List comprehension allows you to create lists for a loop with less code. In short, it’s a truly Pythonic way of coding. Less code – more effectiveness.

& >>> my_list = []
>>> for x in range(10):
... my_list.append(x * 2)
...
>>> print(my_list)
[0, 2, 4, 6, 8, 10, 12, 14, 16, 18]

The example above is to create a list using a for loop and a range() function.

>>> comp_list = [x * 2 for x in range(10)]
>>> print(comp_list)
[0, 2, 4, 6, 8, 10, 12, 14, 16, 18]

And this is how the implementation of the previous example is performed using a list comprehension.

You can use a more complex modifier in the first part of comprehension or add a condition that will filter the list. Something like this:

>>> comp_list = [x ** 2 for x in range(7) if x % 2 == 0]
>>> print(comp_list)
[4, 16, 36]

You can create dicts and sets comprehensions as well.

>>> dict_comp = {x:chr(65+x) for x in range(1, 11)}
>>> type(dict_comp)
<class 'dict'>
>>> print(dict_comp)
{1: 'B', 2: 'C', 3: 'D', 4: 'E', 5: 'F', 6: 'G', 7: 'H', 8: 'I', 9: 'J', 10: 'K'}
>>> set_comp = {x ** 3 for x in range(10) if x % 2 == 0}
>>> type(set_comp)
<class 'set'>
>>> print(set_comp)
{0, 8, 64, 512, 216}

Benefits of Using List Comprehensions

List comprehensions optimize the lists’ generation and help to avoid side effects as gibberish variables.

As a result, you get more concise and readable code.

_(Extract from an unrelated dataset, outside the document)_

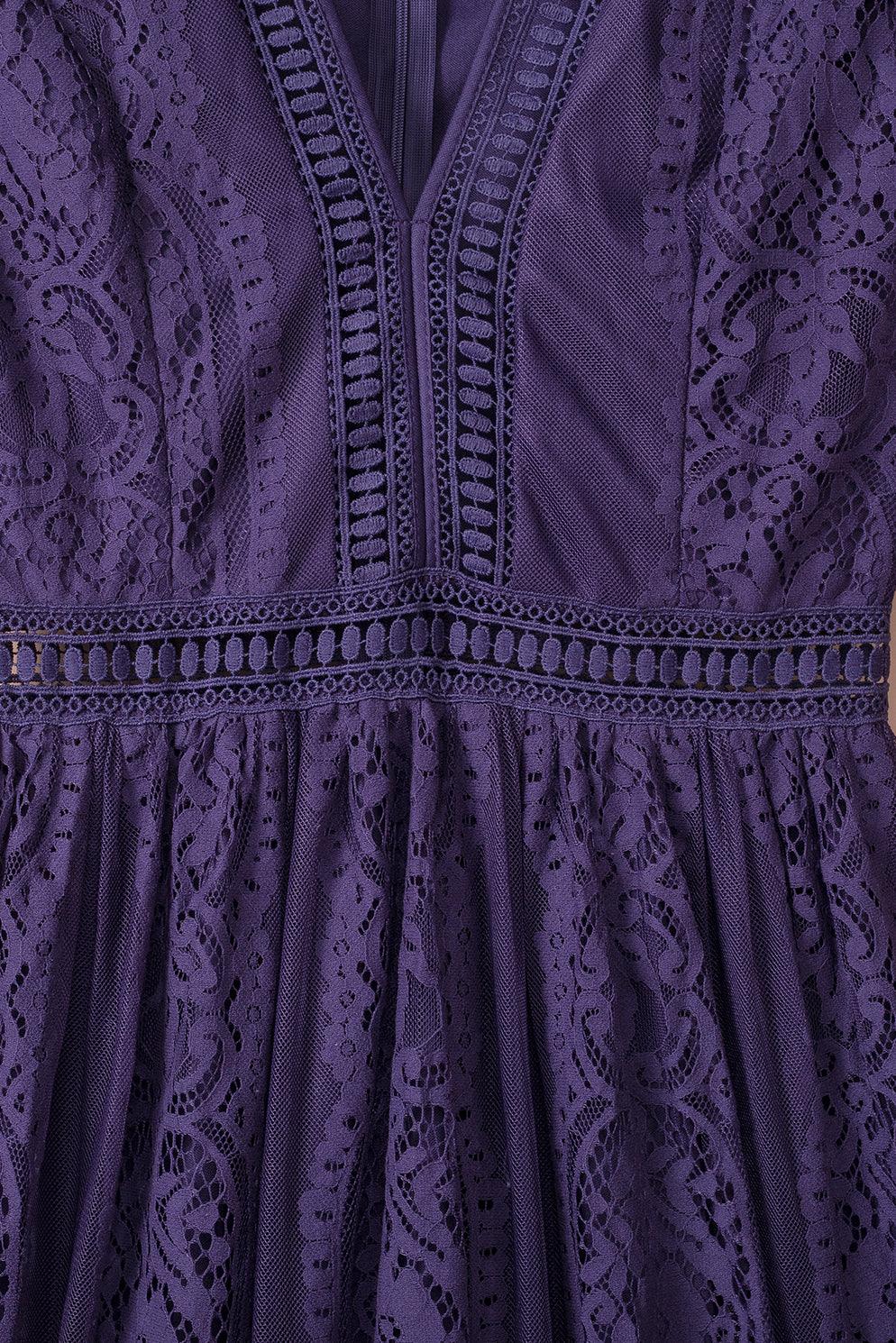 Adèle - Robe maxi en dentelle - Col V, Femme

When Not to Use a List Comprehension in Python

List comprehensions are useful and can help you write elegant code that’s easy to read and debug, but they’re not the right choice for all circumstances. They might make your code run more slowly or use more memory. If your code is less performant or harder to understand, then it’s probably better to choose an alternative.

>>> cities = ['Austin', 'Tacoma', 'Topeka', 'Sacramento', 'Charlotte']
>>> temps = {city: [0 for _ in range(7)] for city in cities}
>>> temps
{
    'Austin': [0, 0, 0, 0, 0, 0, 0],
    'Tacoma': [0, 0, 0, 0, 0, 0, 0],
    'Topeka': [0, 0, 0, 0, 0, 0, 0],
    'Sacramento': [0, 0, 0, 0, 0, 0, 0],
    'Charlotte': [0, 0, 0, 0, 0, 0, 0]
}

Watch Out for Nested Comprehensions

Comprehensions can be nested to create combinations of lists, dictionaries, and sets within a collection. For example, say a climate laboratory is tracking the high temperature in five different cities for the first week of June. The perfect data structure for storing this data could be a Python list comprehension nested within a dictionary comprehension:

You create the outer collection temps with a dictionary comprehension. The expression is a key-value pair, which contains yet another comprehension. This code will quickly generate a list of data for each city in cities.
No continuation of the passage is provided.